Maar de gewekte onrust in mij, door de voorstelling van het gebod van “de Liefde tot de Vader in de liefde tot zichzelf als metafoor gegeven” (Deel C hoofdstuk IV) brengt me in een existentiële crisis, gewetenscrisis zeg maar. Tegen alles en allen in kom ik er toe te zeggen: “ Dit is niet waar!” En op slag gaan me de ogen open en zie ik de misleiding, de verleiding en wat ze kan veroorzaken… En ik ben opgelucht en herken terug Jezus Christus in mij, zoals ik Hem al heel mijn leven ken en herken en erken. Het was wel even spannend.

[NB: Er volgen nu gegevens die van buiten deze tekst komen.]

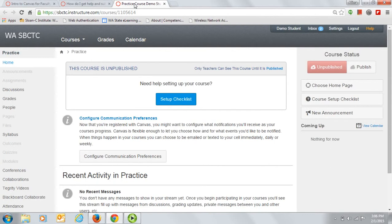Depending on your settings, this is what your practice course will look like when you open it for the first time. Now let's return to our Canvas classroom by clicking on the tab for Intro to Canvas.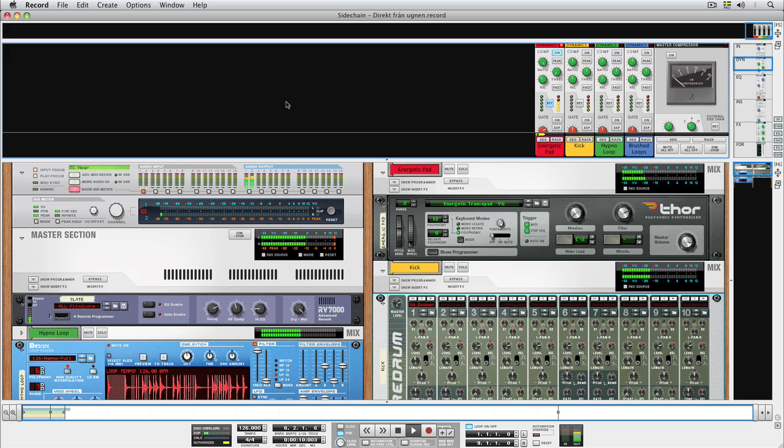Whenever the bass drum plays, the pad ducks, giving us a pumping sound popular in electronic dance music.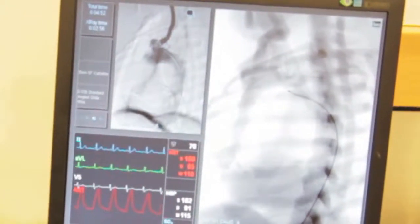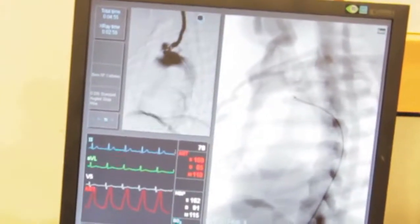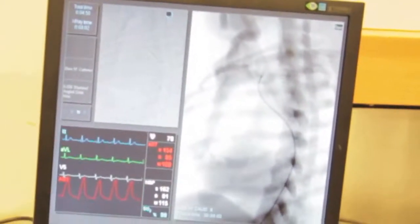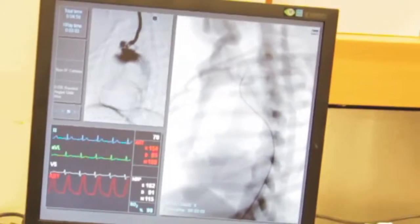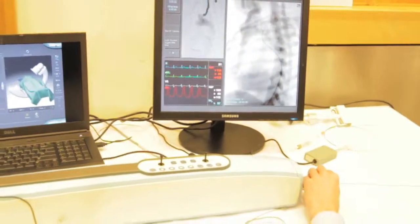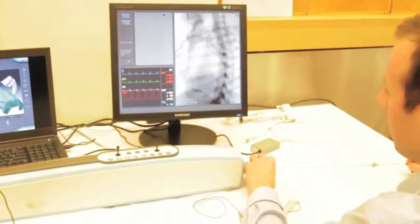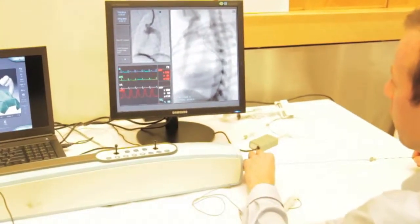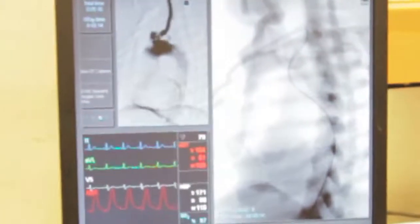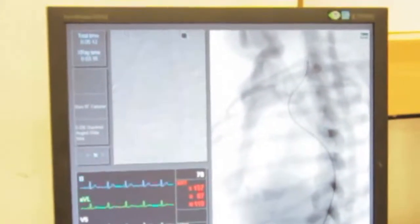As we advance as far as we can, the catheter starts to back out. When we're in a stable position you can see everything jump forward. The guide wire is currently off the top of the screen — we have no idea what it's doing, which is actually a dangerous situation. So we're going to draw it back until we can see the tip on screen, and then continue to advance the catheter safely.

Op het moment van de beslissing stond ik er alleen voor. Ik had me vergist; ik zag het ineens en het was over. Mijn ‘bronnen verenigd’ zullen toch wel even hun astrale of hemelse adem ingehouden hebben, zo vermoed ik.
2. De praktische gids van ethica en moraal
Het eerste boek besluit daarop. In het tweede boek zal hopelijk het Antwoord van God op de Oerzonde en de Verlossingsdaad van Jezus Christus in Zijn Leven, Dood en Verrijzenis verhaald worden. Daar hoort de Verzoening tussen God en mens bij en de Voltooiing van de Verlossing in ieder van ons. Daartoe behoort ook de noodwendige Heling van de gevolgen van de oerzonde in ieder van ons. Concreet en pragmatisch. Met aanwijzing van alle hulpmiddelen en wegen daartoe.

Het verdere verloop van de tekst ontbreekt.